The Green Scene -mts

Vogt, Jess

Those darn electronics!
They’re really gonna get us in trouble some day. Before we know it, we’ll find ourselves buried not in our own you-know-what, but in all our old computers, cell phones, televisions — all those electronics that we constantly must have the newest, brightest and best of.
Globally, electronics account for almost two percent of the waste stream, which amounts to over 2.5 million tons of waste annually! However, it is possible to recycle electronics to recover the materials inside, reducing the volume of waste sent to landfills, though currently only 15-18 percent of e-waste is recycled. Recycling e-waste — or “e-cycling” — is becoming a more common practice both in and out of the United States.
E-cycling not only prevents harmful compounds from entering our environment, but also saves energy and resources. According to the EPA’s “Plug-In To eCycling” program, “Recycling one million desktop computers prevents the release of greenhouse gases equivalent to the annual emissions of over 17,000 passenger cars.” Recovering the metals inside, such as lead, cadmium, chromium, nickel and mercury, can be profitable as well as save these materials from being released into the environment.
However, here’s the giant caveat: E-cycling is not nationally regulated except under hazardous materials law, so most e-waste is incinerated or ends up in landfills, releasing the heavy metals inside these electronics into the environment as well as contributing substantially to greenhouse gas emissions. Collectors often export e-waste from the U.S. to developing countries in Africa and Asia because they can make money exporting, whereas it is costly to dismantle and dispose of e-waste properly inside the U.S. According to the Electronics Take-Back Coalition, the lead solder used in electronics circuit boards recovered from e-waste that is melted down in China can end up back in children’s toys and jewelry exported to the US and other countries.
Except for the Resource Conservation and Recovery Act, which regulates the disposal and recovery of so-called “hazardous wastes” from “cradle to grave,” the United States does not have any national laws or regulations regarding electronics disposal or export.
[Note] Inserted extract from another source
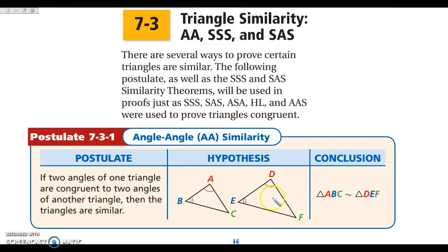The one on this slide is new and it is specific to similarity. If we have triangles — and again these shortcuts only work for triangles — if I have two pairs of angles congruent, that's enough to know that my triangles are going to be similar. So if I have two pairs of corresponding angles congruent, that's enough, and we're going to call that angle-angle similarity.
Instead, electronics recycling is “regulated” by voluntary disposal guidelines.
The U.S. Environmental Protection Agency has two documents, “Guidelines for Materials Management” and “Responsible Recycling Practices for Use in Accredited Certification Programs,” providing recommendations for environmentally and socially responsible disposal of e-waste. These voluntary disposal guidelines for companies looking to dispose of electronics encourage reuse, refurbishment, and recycling of electronics over disposal or incineration and promote finding disposal facilities that 1) reduce harmful exposure and emissions during disposal process, 2) comply with environmental, health, safety and legal standards and requirements, 3) ensure that the end locations for recycled goods are not energy recovery, incineration or landfill disposal and 4) provide complete documentation for disposal procedures.
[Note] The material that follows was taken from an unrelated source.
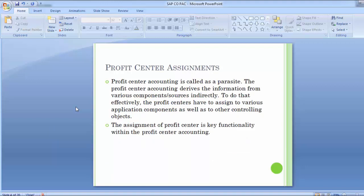Moving to the next is profit center assignments, also known as assignment in profit center accounting. Profit center accounting is called a parasite — it derives information from various components or sources indirectly. To do that effectively, profit centers have to be assigned to various application components as well as to other controlling objects. The assignment of profit center is the key functionality within profit center accounting.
The only sources of e-waste disposal regulation inside the United States are the states themselves; laws of various strength and merit have been passed in 19 states — if you include New York City’s 2008 law — most since 2007. And, unfortunately, most electronics manufacturers are only beginning to institute electronics equipment “take back” programs in those states with laws. For instance, Panasonic, Toshiba and Sharp have banded together to form a sort of e-cycling collective called the Electronic Manufacturers Recycling Management Company, LLC, known as MRM. This program is currently focused on Minnesota, because of that state’s new electronics recycling law. Effectively, if there is no law in your state, there is unlikely to be an easily accessible electronics recycling program.
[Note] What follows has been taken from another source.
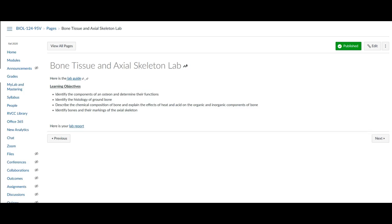Hi, welcome to lab. This is bone tissue and axial skeleton.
But there are efforts to remedy this. With the switch to digital TV between Feb. 17 and June 12, the Electronics TakeBack Coalition has started a “Take Back My TV” campaign to lobby television manufacturers to take back their old TVs as consumers buy new ones. They have made an aggressive case against filling landfills with of all the cathode-ray tube television sets, due to the amount of toxic chemicals, such as lead — up to 8 pounds per TV — cadmium and beryllium, which are dangerous when exposed to humans.
According to TakeBack, these chemicals will either be dumped into American landfills or recycled. But when recycled, as about 15 percent of e-waste is, much of this waste is sent to Asia, and then merely gets put into landfills there, or even worse, ends up in their air and water. If TV manufacturers were more responsible and adhered to a sense of “extended producer responsibility,” they’d take back and properly dismantle, recycle or dispose of all these TVs.
And unless they do, I have a feeling Americans will just keep stockpiling all those old TVs in their basements, attics and garages.